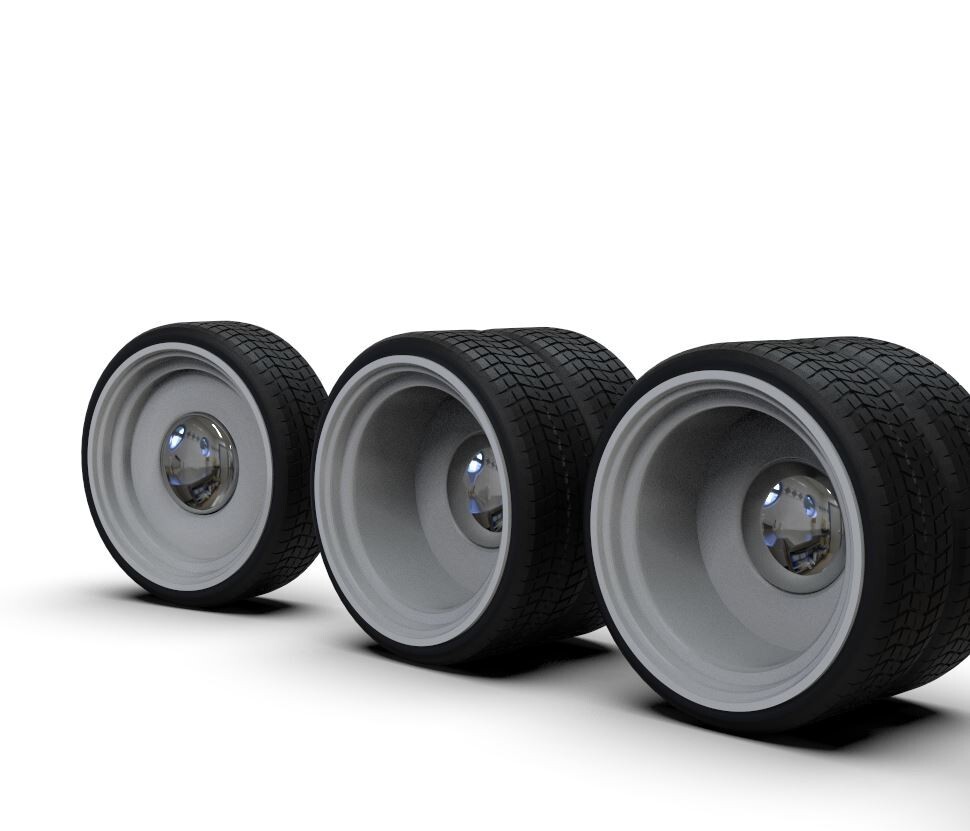 1:25 22″ Steel Smoothie Dually Wheels/Chrome Cap on Low Profile tires.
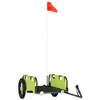 Image de Remorque de vélo cargo ZERODIS - Vert - Tissu Oxford et fer - Capacité de charge maximale 30 kg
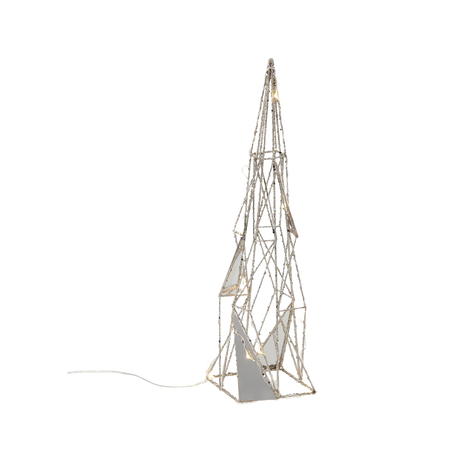 OZDOBA ŚWIĄTECZNA - CHOINKA LED 40 CM GEOMETRYCZNA *6307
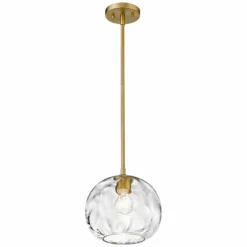 Z-Lite Chloe 10" Wide 1-Light Olde Brass And Water Glass Pendant -Outlet The Radiantix Store z lite chloe 10 inch wide 1 light olde brass and water glass pendant 805d4views3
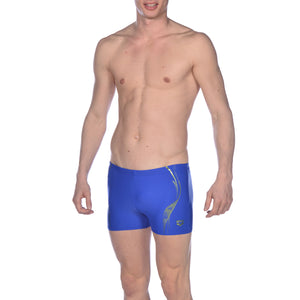 Slinky boxer badbyxor för män, blå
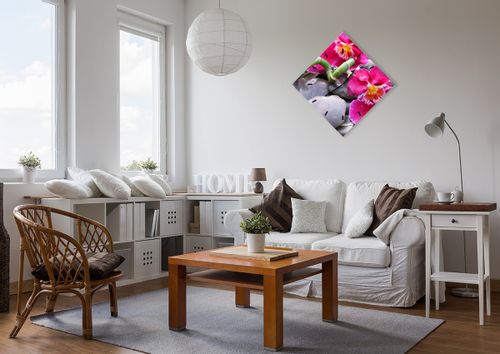 Zegar Ścienny - Storczyk Kamień - 50X50 Cm - C3Ad50X50-0465 na Arena.pl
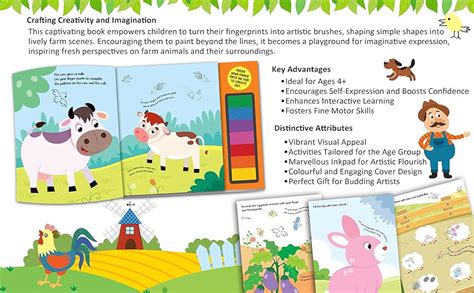 Buy Farm Fingerprint Art Activity Book for Children Age 4 - 9 years ...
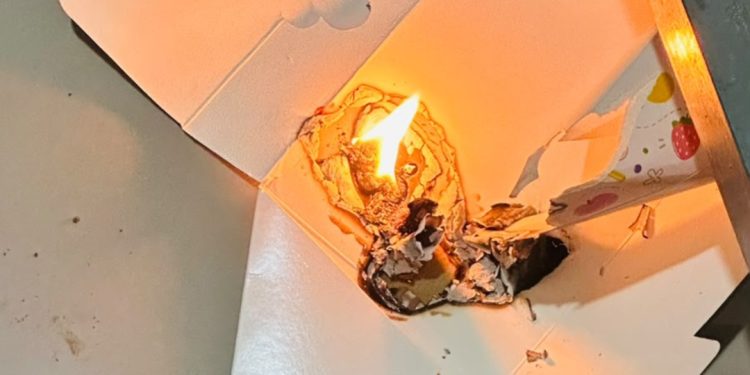 Wartawan Bayu Diteror OTK, Dikirim Kemenyan Terbakar Terbalut Kertas Dus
+---+
Exercise goal:
Images are not wanted in the copy. Please print the material above exactly.

Answer for this exercise:
 1:25 22″ Steel Smoothie Dually Wheels/Chrome Cap on Low Profile tires.
 Image de Remorque de vélo cargo ZERODIS - Vert - Tissu Oxford et fer - Capacité de charge maximale 30 kg
 OZDOBA ŚWIĄTECZNA - CHOINKA LED 40 CM GEOMETRYCZNA *6307
 Z-Lite Chloe 10" Wide 1-Light Olde Brass And Water Glass Pendant -Outlet The Radiantix Store z lite chloe 10 inch wide 1 light olde brass and water glass pendant 805d4views3
 Slinky boxer badbyxor för män, blå
 Zegar Ścienny - Storczyk Kamień - 50X50 Cm - C3Ad50X50-0465 na Arena.pl
 Buy Farm Fingerprint Art Activity Book for Children Age 4 - 9 years ...
 Wartawan Bayu Diteror OTK, Dikirim Kemenyan Terbakar Terbalut Kertas Dus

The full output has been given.